The 92-year-old studio has been under siege, with women’s rights advocates campaigning on the doorstep of its Beverly Hills, California, headquarters and mogul Barry Diller suggesting the company is lying when it said it can’t release outtakes from its hit series “The Apprentice.”
The furor comes as media outlets race to find more evidence of Republican presidential nominee Donald Trump’s off-screen behavior in the wake of an “Access Hollywood” video that showed him making lewd remarks about women. The Republican nominee for president said the remarks were just “locker room talk” and don’t reflect his actual behavior. On Thursday, he accused the “Washington establishment” and “corporate media” for spreading false accusations that he sexually assaulted women.
Parent company MGM Holdings Inc., which has said it can’t release any unaired video, declined to comment for this story.
It’s all an odd position to be in for MGM and its low-profile chief executive officer, Gary Barber, who rarely grants interviews or participates in industry panels. The company is one of the last remaining independent studios in Hollywood. It’s grown steadily since emerging from bankruptcy in 2010, following a Sony Corp.-led $5 billion leveraged buyout. The acquisition of “The Apprentice” creator Mark Burnett’s TV production company over the past two years has been part of its efforts expand into that fast-growing business.
Bill Pruitt, a producer on the first two seasons of “The Apprentice,” said on Twitter on Oct. 8 that “there are far worse” comments made by Trump during the filming of the show. After keeping silent last weekend, Burnett issued a statement Monday saying he didn’t have the authorization to release any outtakes, then said Wednesday that he doesn’t support Trump. MGM said it had confidentiality agreements with artists and it planned to honor them.

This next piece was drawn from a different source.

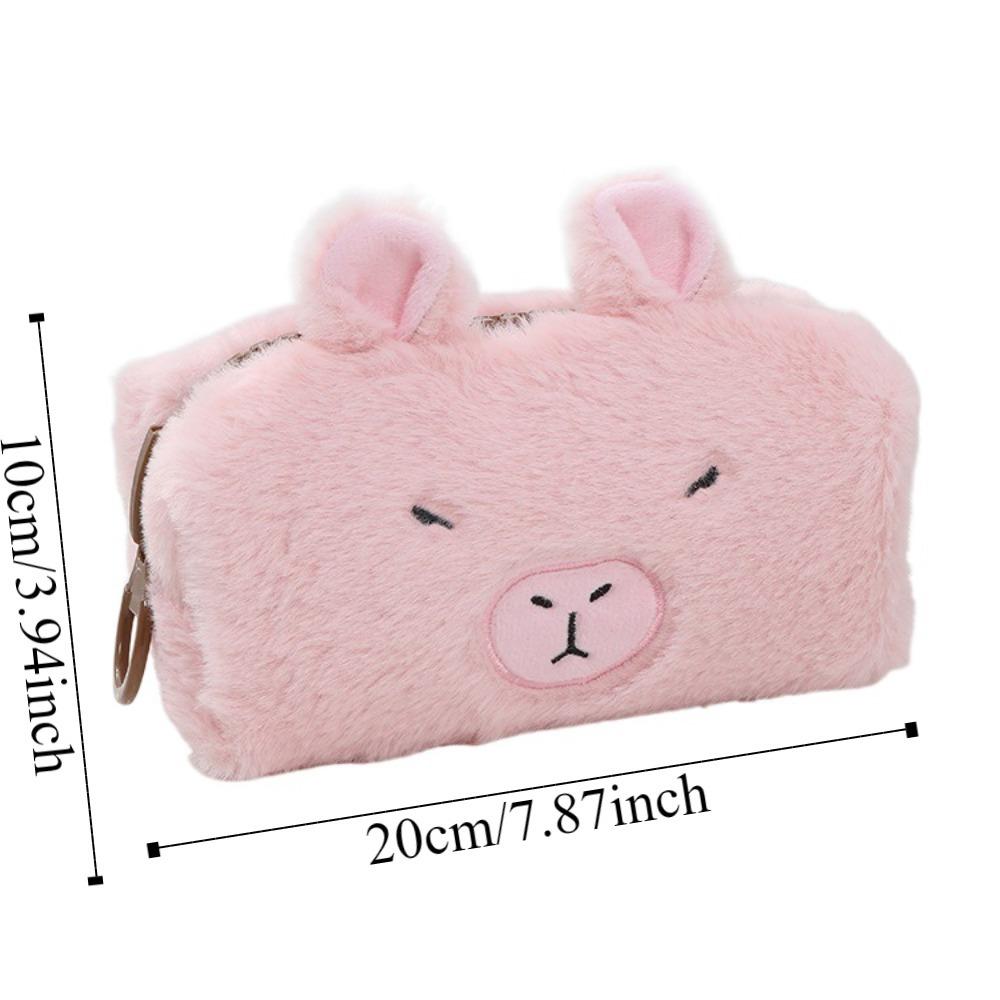 Zipper Capybara Plush Pencil Case Animal Capybara Plush Pencil Pouch  Student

Trump must have put something in his contract that forbids the distribution of the video without his permission, said Doug Lichtman, a professor who teaches copyright law at the University of California Los Angeles.
“Stars often want to control the use of outtakes, which can easily contain embarrassing audio and video,” Lichtman said in an e-mail.
Hope Hicks, a spokeswoman for Trump’s campaign, didn’t reply to a request for comment.
If it were to release the outtakes, MGM would have to look for some legal excuse for doing so, or it would expose itself to a suit for damages from Trump, Lichtman said. That’s a risk that could be tough for Barber to bear amid his quest to make MGM great again.
Since Barber took over in 2010, the company has been mining its library for characters it can use in new films, producing hits like “The Hobbit,” “Skyfall” and last year’s “Rocky” sequel “Creed.” In the coming months, the studio will need to select a new distributor for its James Bond franchise and potentially find a new actor to play 007.
MGM’s annual earnings before interest, taxes, depreciation and amortization have risen to about $400 million from about $150 million since the bankruptcy, according to Steven Azarbad, chief investment officer at New York-based Maglan Capital LP, an MGM investor.
A good part of that growth comes from TV, where MGM produces shows such as “Fargo” for the FX network, “Vikings” for the History Channel and “Teen Wolf” on MTV.
The multi-season nature of TV production provides more financial stability than the more volatile movie business, Azarbad said. That was particularly true last month when MGM reduced its profit outlook for the year by 10 percent due to the poor performance of its film remake of “Ben-Hur.”
TV shows, particularly the reality programs that Burnett specializes in, are much cheaper to produce, Azarbad said.
“The TV business is much more of a fixed-margin business,” he said. “With films it’s a boom and bust type of environment.”
Still, film represented about 75 percent of MGM’s revenue in the first half of the year.
Source of Speculation
Since the bankruptcy, when control shifted a number of distressed debt investment funds, MGM’s future has been a constant source of speculation. In 2012 the company filed paperwork with regulators indicating it may pursue a public offering. In May Barber said he still sees a public offering for the company over the next three to five years, but first he wants to build up the company’s TV business. (MGM has a small number of shares traded over the counter already, but they rarely change hands.)
As of the end of June, shareholders with more than 10 percent stakes in MGM included Anchorage Capital Partners, Highland Capital Partners and Solus Alternative Asset Management, according to a filing.
MGM may also make a tempting target for Chinese media companies that have been looking to acquire U.S. assets, Azarbad said.
“For the time being they’re doing a good job with earnings growth and buying back stock,” he said.